GSI Crossover Kitchen Kit
7.30 in x 3.70 in x 4.30 in
Co-polyester, Nylon 66 and Polyethylene
Compact Scraper, Scrubby Pad, Cutting Board, Pivot Tongs, Pivot Spoon, Pivot Spatula, Spicer, Soap Bottle, Oil Bottle, Camp Towel, Tote
Where to Buy
An excellent companion to any pot-based GSI cookset.
Source: bought it new
Price Paid: $37.95
An excellent companion to any pot-based GSI cookset.

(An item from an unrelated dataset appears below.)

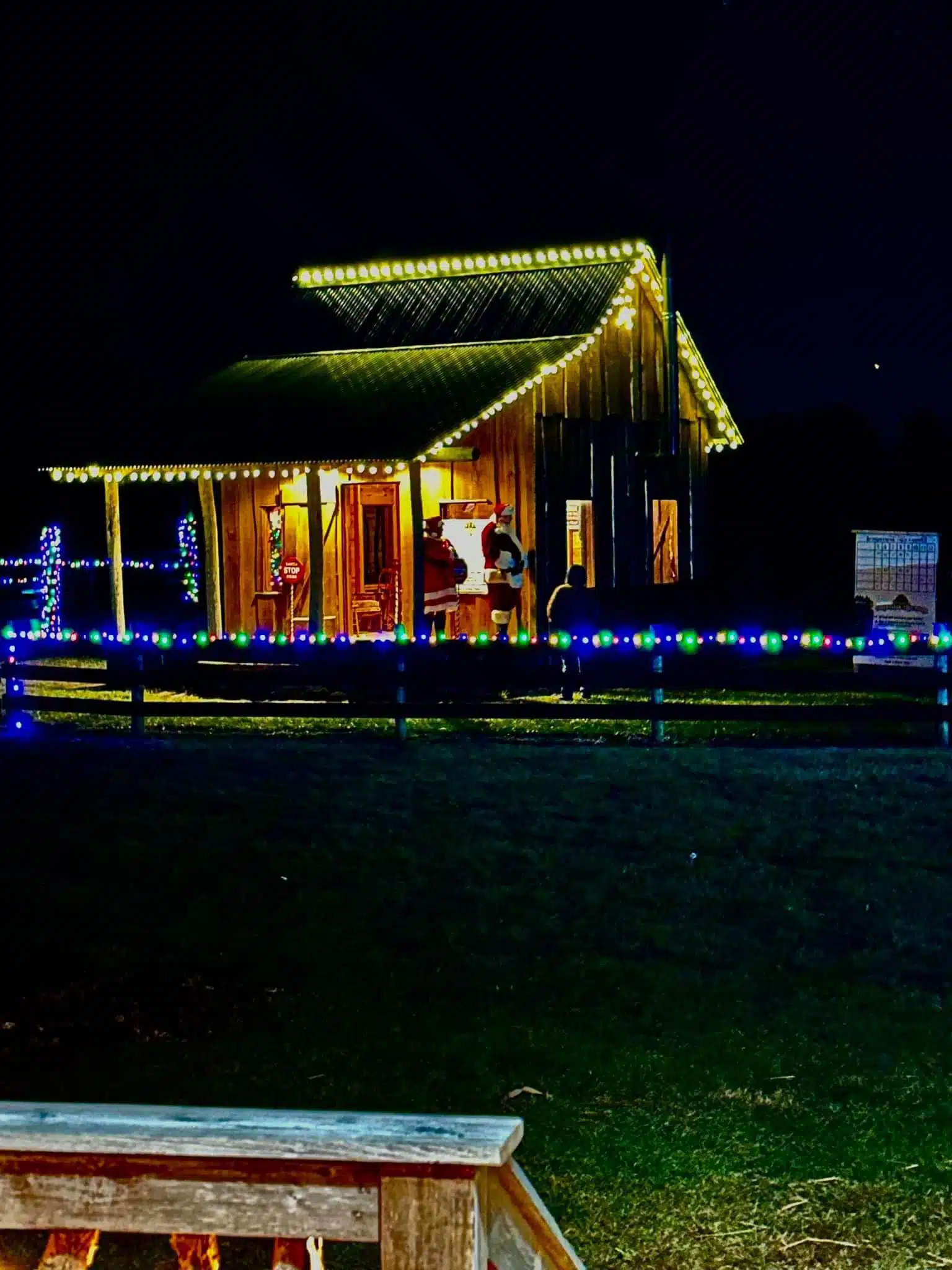 Glimmer Lights at Piney Acres: Train Rides, Santa and Holiday Lights 3 Santa greeting families on the porch of his rustic cabin at Piney Acres Farm during Glimmer Lights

Fitting perfectly into the pot-based GSI cooksets, it proves this company can not only make a cup that nests into a bowl...but complete cooksets that nest into another.
This takes up no additional room in your pack if you already own a GSI cookset, and it is so well organized that never again will you have to fish around for your cooking gear. There's even a small amount of room left in the bag to fit a couple sporks, too!

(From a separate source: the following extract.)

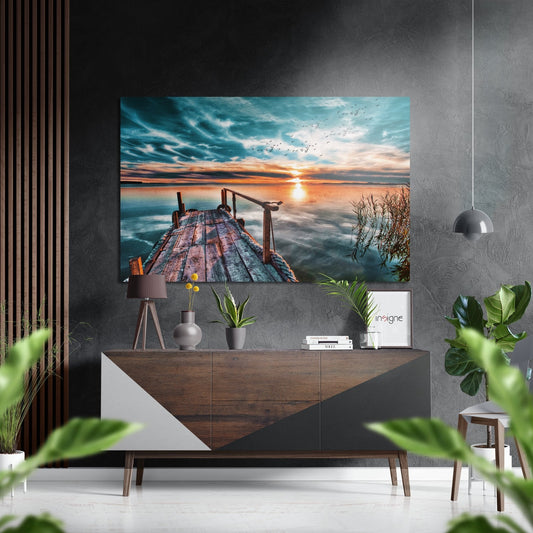Wooden pier extending into calm water at sunset with turquoise sky, orange clouds, and flying birds reflected on brushed aluminium panel.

- Compatible and nests into GSI cooksets
- Well organized
- Thoughtful, multi-use design
- Backed by GSI's top-notch customer service
- Utensils sensitive to heat
I bought this accessory kit to go along with (and inside of) my Pinnacle Backpacker set.

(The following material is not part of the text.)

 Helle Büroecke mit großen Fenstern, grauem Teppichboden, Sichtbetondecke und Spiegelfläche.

As I mentioned in my review of that cookset, after nesting the mugs inside the bowls, you're still left with half-a-pot's-worth of storage space.
SIZE AND WEIGHT
That said, this kit comes in a semi-circle-shaped, zippered nylon pouch, designed to occupy the other half of the pot.
The kit measures 7.3" x 4.3" x 3.7" - small enough to nest inside a GSI Pinnacle Backpacker Cookset!
It only adds 9.6 ounces to your existing kit, far worth the weight for as much flexibility as this affords you.
Inside you'll find the following:
- Pivot Tongs
- Pivot Spoon (with measuring lines)
- Pivot Spatula (with a serrated cutting edge)
- Small Cutting Board
- Eye-Dropper Bottle (for [biodegradable] dish soap)
- Small Bottle (with flip-out spout) for cooking oil
- "Spice Missile," designed to hold four different spices/seasonings
- Food Scraper, with soft silicone and hard plastic edges
- Microfiber Dish Towel
- Non-abrasive plastic Scrubber Pad
I bought this new for the retail price of almost $40. It may seem like a lot to pay, sure, considering you could walk into a dollar store and buy all these components for ten bucks.
Why is this worth four times that amount? Simple.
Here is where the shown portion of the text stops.